Ugandan Dogs Guard Americans In Kabul

Sep 05, 2003

Ugandan dogs, specially trained to detect explosives, have been deployed in war-torn Afghanistan where the United States is constructing a new embassy in Kabul.

By Alfred Wasike
Ugandan dogs, specially trained to detect explosives, have been deployed in war-torn Afghanistan where the United States is constructing a new embassy in Kabul.

Experts say canines’ scenting capacity is more than 30,000 times sharper than that of human beings. Megan, a Border Collie, reputed to be the most intelligent breed of dog in the world, and her colleague, Tosca, a Belgian Shepherd were trained in Kampala by Armor Group Uganda, a US security firm.

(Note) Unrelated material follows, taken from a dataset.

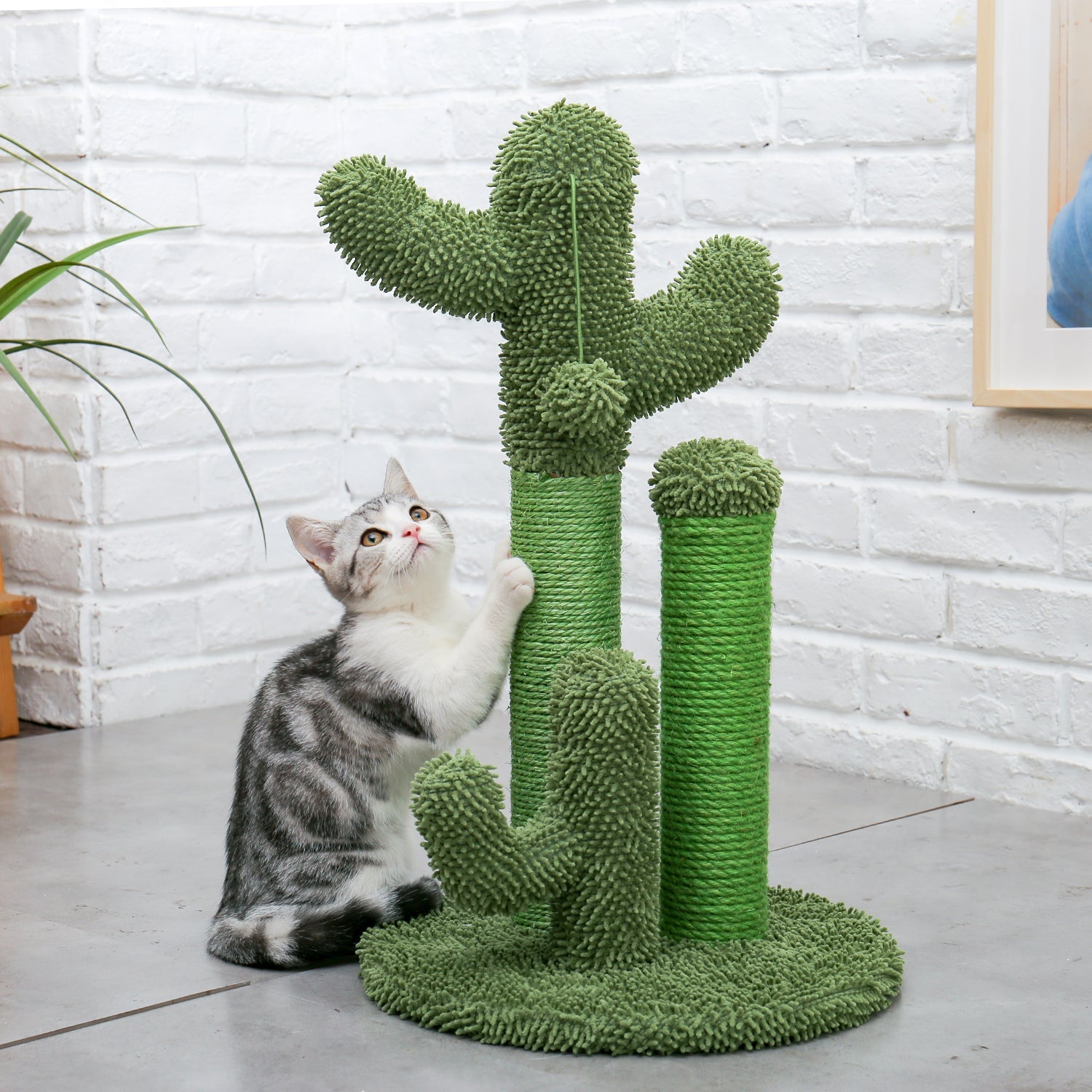 Cat playing with green cactus-shaped scratching post in modern home. Pet furniture, interactive cat toy, indoor activity, feline entertainment.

Both animals are 30 months old. They are to serve a two-year contract punctuated by a two-week fresher course every three months in the volatile central Asian country. They will then return home for training for other assignments.

Sixty-six dogs from the same training camp are also deployed in East and Central Africa. Some 45 are stationed in Kenya, 11 in Tanzania and 10 in the DR Congo where they guard US embassies and other installations.

Some other 28 dogs are dispatched to different foreign embassies and institutions like the British Department for International Development (DFID) on Rwenzori House in Kampala, when intelligence information indicates a possible terrorist threat.

Dog instructor Birgitta Marais said the dogs were flown to Kabul in June to check consignments of building materials and sniff out any bombs. The materials come from the US by sea to the Pakistani port city of Karachi. They are driven for five days to Kabul through the Pashtun Mountains where the world’s most wanted man, Osama bin Laden, is believed to be hiding. US troops and Armor Group guard the construction site.

Marais, a retired South African police officer who trained the dogs with Ugandan dog handlers, said, “The Americans and other people in Kabul could not believe that the dogs we took to Afghanistan came from Uganda. I took them on June 24. We flew through Dubai. I stayed in Kabul for four weeks to help the girls (the dogs) to settle in.”
The dogs have a two-year contract, he said.